The Encore, although not brand new, is extremely light and stylish. The screen is only 8 inches, which seems the standard in the current tablet market. Although it is smaller than some other tablets, for example the iPad Air or Sony Xperia, is still too big to comfortably use with one hand.


What really makes this particular device stand out amongst others is the amount of connectivity options it has available. The device has a micro HDMI port, which would prove handy for presentations or just for watching videos on a larger screen. It also has a Micro SD slot, and a micro-USB port for quick transfer of data.


The Encore also comes with Office 365 built in as standard, so all of the applications needed for work can be used as normal. The only downside is that the battery life is only up to 7 hours, but the tablet features 'InstantGo' in order to lower power consumption to combat this.

The Toshiba Kira Ultrabook is one of the newer products in the Toshiba range, featuring Windows 8.1 Pro and a 13.3 inch 2560 x 1440 PixelPure display.

The display fits in 221 pixels per inch, which is 90% more pixels than a normal HD display, and it definitely shows.


It's extremely thin and light, and wouldn't be out of place on a train, plane or just at home if you were hoping to get some work done away from the office.
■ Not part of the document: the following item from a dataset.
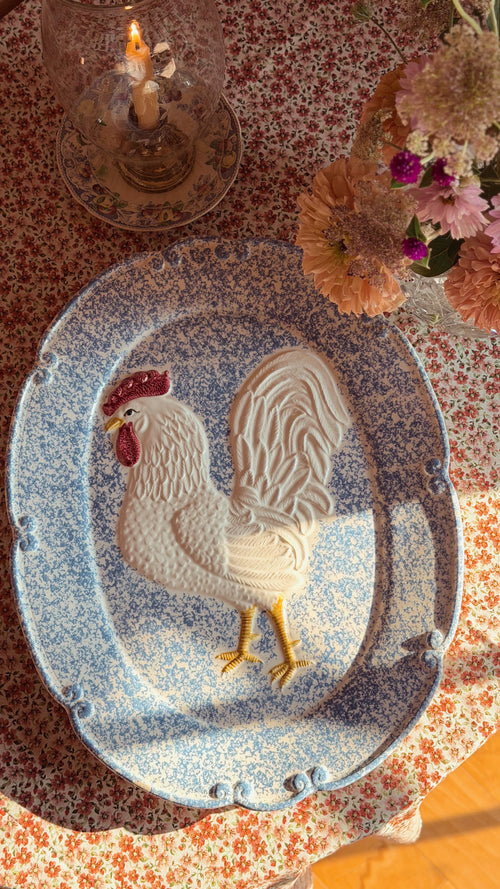 An oval blue and white speckled ceramic platter featuring a raised white rooster design with a red comb and yellow legs, set on a floral tablecloth with a candle and flowers nearby.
As well as being portable, this laptop is designed to be durable, with a honeycomb structured chassis to make it more sturdy.  


The battery life can last up to 91 hours, so there are no worries about taking this laptop out and about, and with added extras to increase usability such as a backlit keyboard, Harman Kardon speakers and a 10 finger touch-screen display, it seems like the perfect device for a mobile worker.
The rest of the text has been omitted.